Segundo ela, a crítica que Arendt efetua da questão dos direitos do homem diz respeito à sua abstração, que se tornaria manifesta no momento em que não tivessem mais apoio na cidadania. Os direitos do homem, afinal, haviam sido definidos como inalienáveis porque se supunha serem independentes de todos os governos, mas, no momento em que seres humanos deixavam de ter um governo próprio, não restava nenhuma autoridade para protegê-los e nenhuma instituição disposta a garanti-los. “A emergência do totalitarismo só veio a ser possível, segundo Arendt, porque foi precedida por um processo, no entre guerras, que ela denominou destituição do humano”, conclui a pesquisadora.
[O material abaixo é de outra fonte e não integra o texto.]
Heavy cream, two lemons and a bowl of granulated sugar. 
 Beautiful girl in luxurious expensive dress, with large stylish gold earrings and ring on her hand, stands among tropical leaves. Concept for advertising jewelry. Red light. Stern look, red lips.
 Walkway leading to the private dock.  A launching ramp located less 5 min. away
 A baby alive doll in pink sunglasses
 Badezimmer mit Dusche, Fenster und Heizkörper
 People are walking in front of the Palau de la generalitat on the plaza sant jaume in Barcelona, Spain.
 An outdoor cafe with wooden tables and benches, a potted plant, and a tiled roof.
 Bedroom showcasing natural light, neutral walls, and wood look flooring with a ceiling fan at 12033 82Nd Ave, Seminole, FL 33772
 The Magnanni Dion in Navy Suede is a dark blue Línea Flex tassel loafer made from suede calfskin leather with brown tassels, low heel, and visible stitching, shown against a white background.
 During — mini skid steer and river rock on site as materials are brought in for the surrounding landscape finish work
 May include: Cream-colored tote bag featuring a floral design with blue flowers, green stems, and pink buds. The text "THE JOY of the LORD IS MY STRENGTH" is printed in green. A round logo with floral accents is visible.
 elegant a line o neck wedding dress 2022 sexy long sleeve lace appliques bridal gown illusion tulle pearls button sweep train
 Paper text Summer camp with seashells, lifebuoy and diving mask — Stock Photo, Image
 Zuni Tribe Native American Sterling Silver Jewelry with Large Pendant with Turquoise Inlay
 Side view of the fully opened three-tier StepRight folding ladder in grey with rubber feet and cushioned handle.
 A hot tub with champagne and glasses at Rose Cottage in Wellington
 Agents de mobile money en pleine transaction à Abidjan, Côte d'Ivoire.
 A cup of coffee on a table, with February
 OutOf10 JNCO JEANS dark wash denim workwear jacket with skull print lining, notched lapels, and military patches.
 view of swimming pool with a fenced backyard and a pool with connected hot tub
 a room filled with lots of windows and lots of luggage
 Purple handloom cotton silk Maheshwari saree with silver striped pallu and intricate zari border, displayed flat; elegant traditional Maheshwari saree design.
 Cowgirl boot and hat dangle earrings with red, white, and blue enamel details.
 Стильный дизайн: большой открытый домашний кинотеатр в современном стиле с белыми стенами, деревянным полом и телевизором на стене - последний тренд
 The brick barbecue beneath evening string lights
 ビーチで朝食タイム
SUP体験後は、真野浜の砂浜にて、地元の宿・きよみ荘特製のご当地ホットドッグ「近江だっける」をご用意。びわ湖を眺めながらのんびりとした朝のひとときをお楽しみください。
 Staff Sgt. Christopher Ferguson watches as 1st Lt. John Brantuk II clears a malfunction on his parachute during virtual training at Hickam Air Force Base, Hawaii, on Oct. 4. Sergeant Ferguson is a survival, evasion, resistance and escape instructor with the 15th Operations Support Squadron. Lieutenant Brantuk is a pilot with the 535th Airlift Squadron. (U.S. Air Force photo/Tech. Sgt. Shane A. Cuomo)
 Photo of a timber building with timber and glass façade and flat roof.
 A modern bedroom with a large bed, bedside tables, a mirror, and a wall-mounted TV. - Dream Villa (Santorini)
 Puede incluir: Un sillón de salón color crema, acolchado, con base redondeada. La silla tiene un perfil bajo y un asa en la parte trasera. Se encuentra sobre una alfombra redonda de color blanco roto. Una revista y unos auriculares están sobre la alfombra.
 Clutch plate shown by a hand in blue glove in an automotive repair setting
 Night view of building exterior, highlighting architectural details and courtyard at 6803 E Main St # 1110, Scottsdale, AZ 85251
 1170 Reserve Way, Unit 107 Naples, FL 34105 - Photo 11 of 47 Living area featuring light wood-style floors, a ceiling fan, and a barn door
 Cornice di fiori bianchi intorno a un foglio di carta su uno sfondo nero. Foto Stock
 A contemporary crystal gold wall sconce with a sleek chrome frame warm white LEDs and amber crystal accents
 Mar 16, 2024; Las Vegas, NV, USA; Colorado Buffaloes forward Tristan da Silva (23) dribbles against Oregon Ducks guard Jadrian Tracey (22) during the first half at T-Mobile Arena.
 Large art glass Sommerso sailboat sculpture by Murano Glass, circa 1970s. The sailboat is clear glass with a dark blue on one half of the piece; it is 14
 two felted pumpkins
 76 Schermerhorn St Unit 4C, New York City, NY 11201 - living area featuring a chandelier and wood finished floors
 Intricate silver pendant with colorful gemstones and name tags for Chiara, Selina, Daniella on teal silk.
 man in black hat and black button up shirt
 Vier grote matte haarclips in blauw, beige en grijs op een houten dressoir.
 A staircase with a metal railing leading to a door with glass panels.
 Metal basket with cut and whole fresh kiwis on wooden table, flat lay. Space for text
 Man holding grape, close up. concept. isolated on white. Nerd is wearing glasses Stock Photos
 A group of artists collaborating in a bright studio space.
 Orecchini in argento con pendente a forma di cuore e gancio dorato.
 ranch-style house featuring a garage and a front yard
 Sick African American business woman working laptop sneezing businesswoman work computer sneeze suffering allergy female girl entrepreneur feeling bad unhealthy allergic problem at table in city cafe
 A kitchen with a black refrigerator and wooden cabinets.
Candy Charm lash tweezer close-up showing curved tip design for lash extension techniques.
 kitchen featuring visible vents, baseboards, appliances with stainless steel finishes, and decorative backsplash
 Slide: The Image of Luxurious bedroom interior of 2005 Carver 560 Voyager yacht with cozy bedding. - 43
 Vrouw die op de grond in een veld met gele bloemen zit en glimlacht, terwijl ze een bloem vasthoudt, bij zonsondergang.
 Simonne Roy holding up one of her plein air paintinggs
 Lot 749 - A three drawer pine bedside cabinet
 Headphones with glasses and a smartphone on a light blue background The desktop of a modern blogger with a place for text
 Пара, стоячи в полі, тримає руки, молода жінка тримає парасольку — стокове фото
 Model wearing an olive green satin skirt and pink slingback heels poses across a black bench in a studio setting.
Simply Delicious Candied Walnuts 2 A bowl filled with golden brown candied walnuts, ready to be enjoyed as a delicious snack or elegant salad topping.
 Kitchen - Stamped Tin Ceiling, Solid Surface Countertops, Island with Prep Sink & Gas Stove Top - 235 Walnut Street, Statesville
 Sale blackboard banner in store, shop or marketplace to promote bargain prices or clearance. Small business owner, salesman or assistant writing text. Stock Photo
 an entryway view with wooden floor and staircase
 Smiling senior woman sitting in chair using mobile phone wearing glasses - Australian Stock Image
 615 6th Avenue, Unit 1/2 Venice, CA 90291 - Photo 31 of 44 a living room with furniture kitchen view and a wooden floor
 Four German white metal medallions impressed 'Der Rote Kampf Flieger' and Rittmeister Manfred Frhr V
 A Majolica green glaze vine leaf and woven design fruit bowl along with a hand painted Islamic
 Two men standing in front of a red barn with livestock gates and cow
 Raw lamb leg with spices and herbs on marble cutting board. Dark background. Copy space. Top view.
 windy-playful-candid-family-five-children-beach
Em a Condição humana, de 1958, ela aponta para a destruição das condições de existência do ser humano no mundo moderno, operada pela sociedade de massa. Em 1961, um acontecimento seria determinante no percurso intelectual de Arendt.: sua ida a Jerusalém para assistir e cobrir, para a revista New Yorker, o julgamento do criminoso nazista Eichmann, que se transformaria posteriormente no livro Eichmann em Jerusalém – Um relato sobre a banalidade do mal. Essa experiência resultou no retorno à filosofia. A expressão “banalidade do mal”, por ela desenvolvida neste trabalho, foi outro foco de discórdia por ter sido vista como trivialização do ocorrido. “Para alguns, Arendt havia traído a ideia do ‘mal radical’ defendida anteriormente, passando a considerá-lo apenas como banal. Ocorre que Arendt nunca abandonou o ‘mal radical’, mas o que presenciou em Jerusalém não se enquadrava na definição. A banalidade do mal estava ligada à incapacidade de pensar e à execução automática de tarefas do burocrata moderno”, analisa Cláudia. Nada pode ser mais século XXI do que isso.